Hacker News new | ask | show | jobs
by henrybaxter 5533 days ago
You can get the best of all worlds imo by using lxml, which supports the selectors you want, uses Python which I prefer, and in my experience lxml is more robust than BeautifulSoup.

I spent more than a year writing hundreds of scrapers that ran for weeks at a time. BeautifulSoup did not work out as well as lxml in practice. On extremely javascript heavy pages we used pyv8 actually.

edit: more information at http://blog.ianbicking.org/2008/12/10/lxml-an-underappreciat... the comments are useful too.

1 comments

Even better use Scrapy, which is a whole framework designed specifically for scraping and is built on top of libxml2 like lxml.
Scrapy is overkill for nearly everything. You'll probably have under a page of code using lxml and urllib.
I have under a page of code with Scrapy for simple projects, and more advanced features when I need them.

That's like saying "jQuery is overkill for just about everything, you should use plain javascript".

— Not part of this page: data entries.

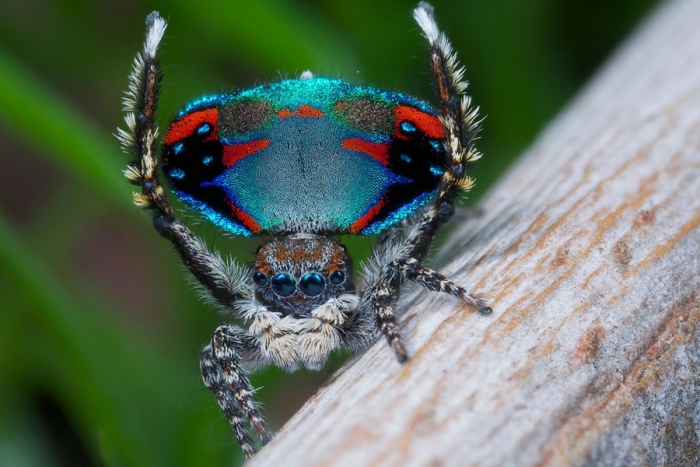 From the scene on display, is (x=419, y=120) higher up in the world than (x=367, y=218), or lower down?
higher up

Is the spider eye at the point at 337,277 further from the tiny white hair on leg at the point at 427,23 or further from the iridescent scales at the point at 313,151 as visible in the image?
the tiny white hair on leg at the point at 427,23

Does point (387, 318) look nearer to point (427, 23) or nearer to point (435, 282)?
point (435, 282)

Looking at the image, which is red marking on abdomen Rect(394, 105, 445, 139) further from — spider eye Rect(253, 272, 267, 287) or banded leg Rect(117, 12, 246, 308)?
banded leg Rect(117, 12, 246, 308)

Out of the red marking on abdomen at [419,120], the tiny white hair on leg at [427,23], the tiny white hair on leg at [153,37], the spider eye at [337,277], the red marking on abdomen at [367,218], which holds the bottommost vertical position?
the spider eye at [337,277]

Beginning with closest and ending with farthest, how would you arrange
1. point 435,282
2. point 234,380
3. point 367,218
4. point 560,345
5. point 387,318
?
point 560,345, point 387,318, point 435,282, point 234,380, point 367,218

No, it's like saying "The full YUI suite is overkill for just about everything, you should just use the core or jQuery".

'scrapy startproject' creates a couple nested directories, with maybe seven files. Are you writing a scraper that you're going to run regularly? Does it need to be super robust and maintainable? Or are you writing something that you'll run once, maybe twice?

I seem to be missing why you think using a framework is a bad thing. With say django or YUI there are performance and abstraction issues that can bite you, but I don't see those mattering for so lightweight a framework and tightly scoped a problem.